Thu, 12/20/2018 - 08:44
Kyra Kyrklund :: Photo © Astrid Appels

Kyra Kyrklund, long-time president of the International Dressage Riders Club, has worked with the Dressage Judging Working Group to establish 19 recommendations/directives to improve dressage judging. While many of the recommendations are no brainers, several of them raise questions. Kyrklund has taken up her pen to explain the thought process behind the recommendations. Here is her first piece:

"Create a More Fair and Consistent Method for Dressage Judging"

As the representative of the IDRC, I have spent two years on the FEI Dressage Judging Working Group (DJWG). The DJWG was asked by the FEI to do 4 things (and I am summarizing here):
- To look at the current dressage judging system.
- To make look at other subjectively judged sports.
- To identify and make recommendations for improvement of the current FEI dressage judging system
- To look at, evaluate, and make recommendations for improvement for the measures introduced after the FEI 2009 Dressage Task force (those measures included: the introduction of 7 judges for major events, the introduction of a Judges Supervisory Panel, the introduction of half points and the judge’s education system).

In my role as representative of the IDRC, I worked with our members and with the FEI, the IDTC, top dressage riders and judges. In addition I, along with the other members of the DJWG, I have spent years learning from top researchers in the fields of neuroscience and sports psychology, and reviewing how similar sports are judged. 

The goal of the DJWG has been to help the FEI create a more fair and consistent method by which judges can judge dressage classes at the elite level.
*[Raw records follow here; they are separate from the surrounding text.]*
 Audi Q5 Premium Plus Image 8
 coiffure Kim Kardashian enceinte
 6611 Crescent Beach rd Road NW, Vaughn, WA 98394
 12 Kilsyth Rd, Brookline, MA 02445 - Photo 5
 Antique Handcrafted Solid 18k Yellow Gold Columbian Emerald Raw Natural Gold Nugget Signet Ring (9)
The Final Report of the DJWG, published on November 8th, is an important step forward but far from the final step for improvement of our sport. I encourage you all to read the report in full and to give us your thoughts and comments.
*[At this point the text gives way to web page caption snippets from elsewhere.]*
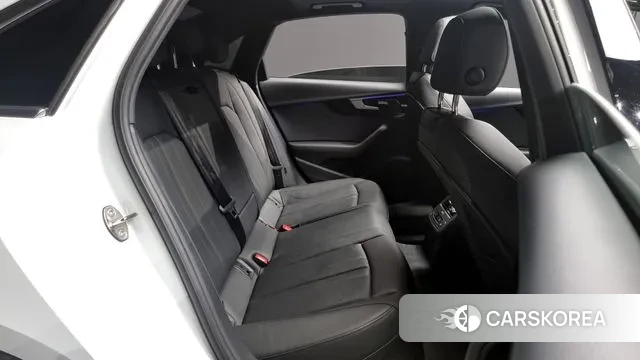 Audi A4 (B9) 2021 Белый из Кореи, фото 3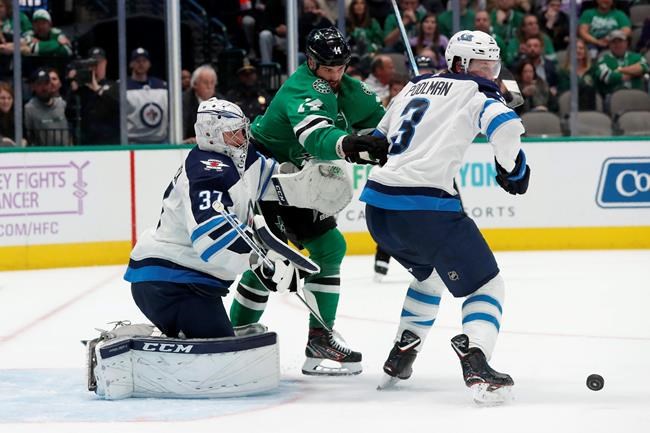 Benn scores winner, Stars take 5th straight, 5-3 over Jets | iNFOnews.ca Benn scores winner, Stars take 5th straight, 5-3 over Jets | iNFOnews.ca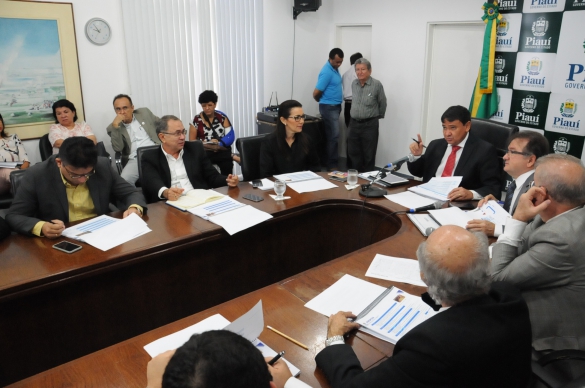 Governador reúne secretários para discutir agilidade de obras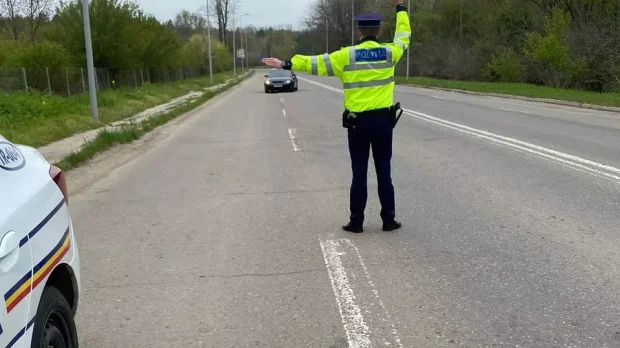 Bărbat din Constanța, lăsat fără mașină după ce a oprit la semnul făcut de doi autostopiști. Ce a urmat
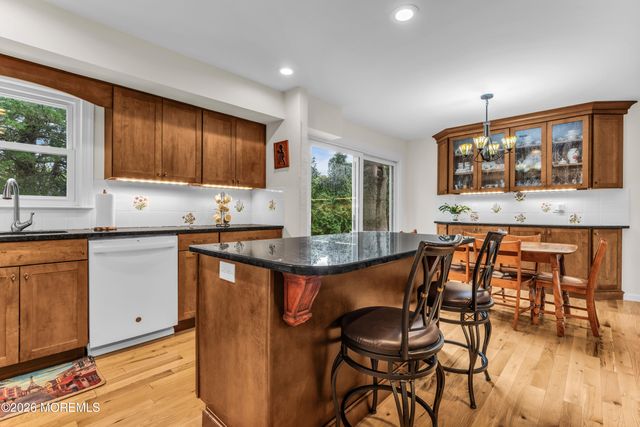825 Knight Street, Toms River, NJ 08753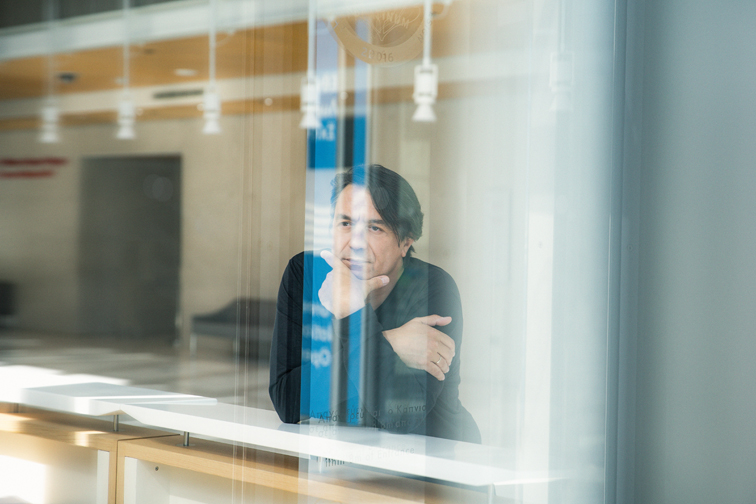 Γιάννης Κότσιρας, «Ο τραγουδιστής πρέπει να ξαναγίνει η φωνή του λαού»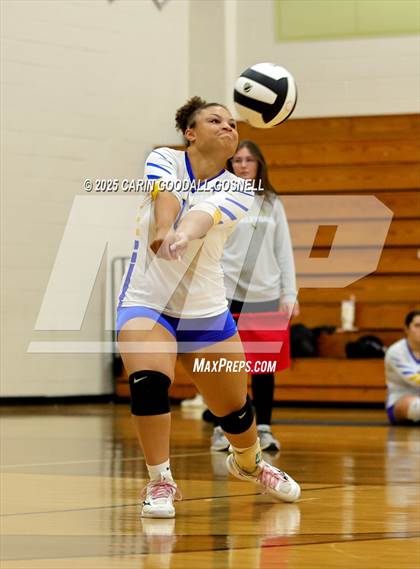 Thumbnail 3 in Richlands @ Croatan photogallery.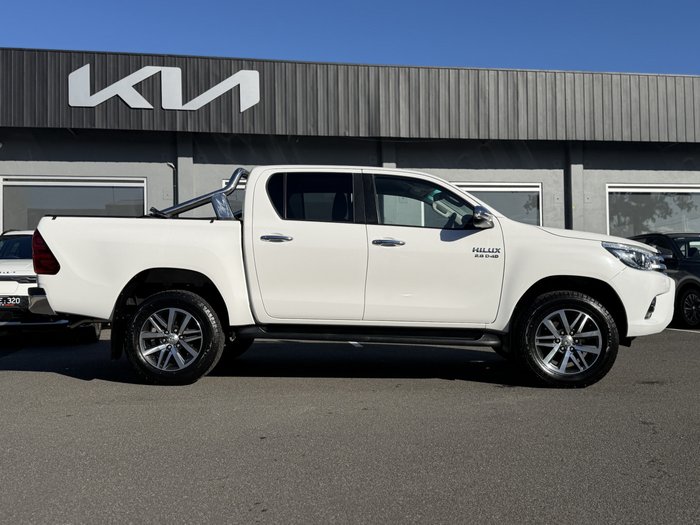 2017 Toyota Hilux SR5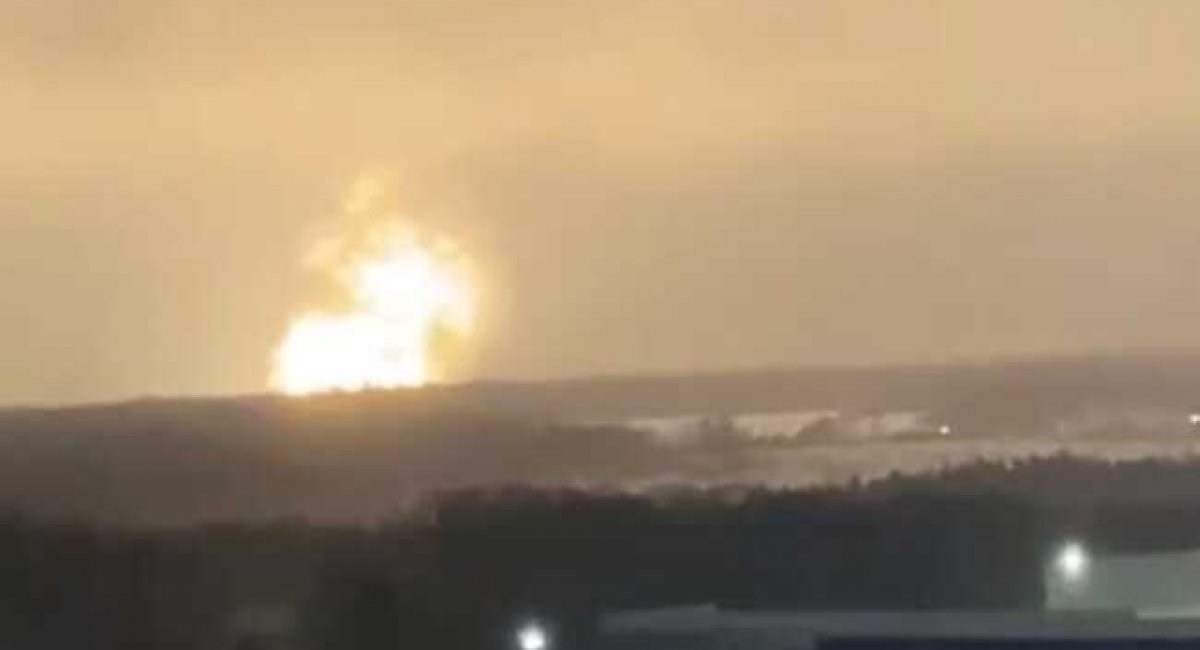 A powerful explosion was heard by russians near city of Izhevsk / Screenshot from open source video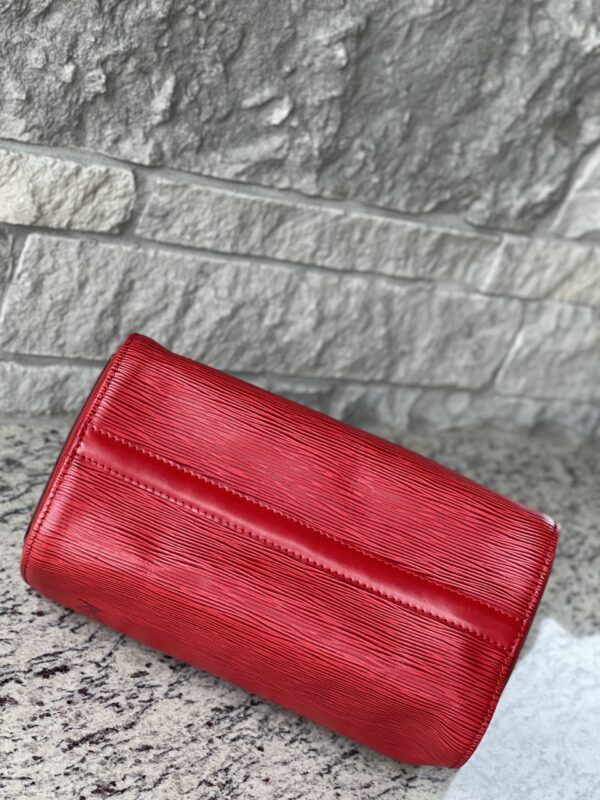 Louis Vuitton Speedy 25 Epi Red - Image 12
The DJWG report provides 19 recommendations for improving fairness by improving the consistency of judgment and decision making.
Today I would like to discuss the first of those 19 recommendations. Over later weeks our Board will address other of the 19 recommendations.

"RECOMMENDATION 1: The DJWG recommends that all future standard judging directives and references (e.g. Code of Points etc) be formatted to ensure that they are relevant to the specific viewing position of each judge. The DJWG consider that judging directives and references should not be ‘silent’ on what is able to be observed/not observed from the various judging positions, as this leaves the priority of observations to the discretion of individual judges. Such discretion could lead to inconsistent judgements and a lack of fairness to athletes.”

As you can see, this recommendation suggests that judging directives should be amended to account for different judging positions.
When have you ever seen a judge at C give a 10 for a horse that has a brilliant front leg movement and the judges at E and B give a 5 because the hind legs are not engaged. That should be possible. 

If a judging methodology properly describes to judges what they should be looking for from each position it should enable and empower judges to focus on the thing that is important when viewed from a specific letter. 

Insofar as you have not tried this, next time you are at a show, you should, at or near ground level, sit as close to behind the judge at C as you can. Then change your position to sit at ground level as close to behind E or B. The perspectives are very different, particularly if you are as close to the arena as the judges are. They do not have a bird’s eye view.

Creating precise judging directives will help both the judges and the competitors. The judges will have specific things to look for. Also this will give competitors the opportunity to read and understand what the judges are looking for from their respective perspectives and to use those directives as goals for training and showing.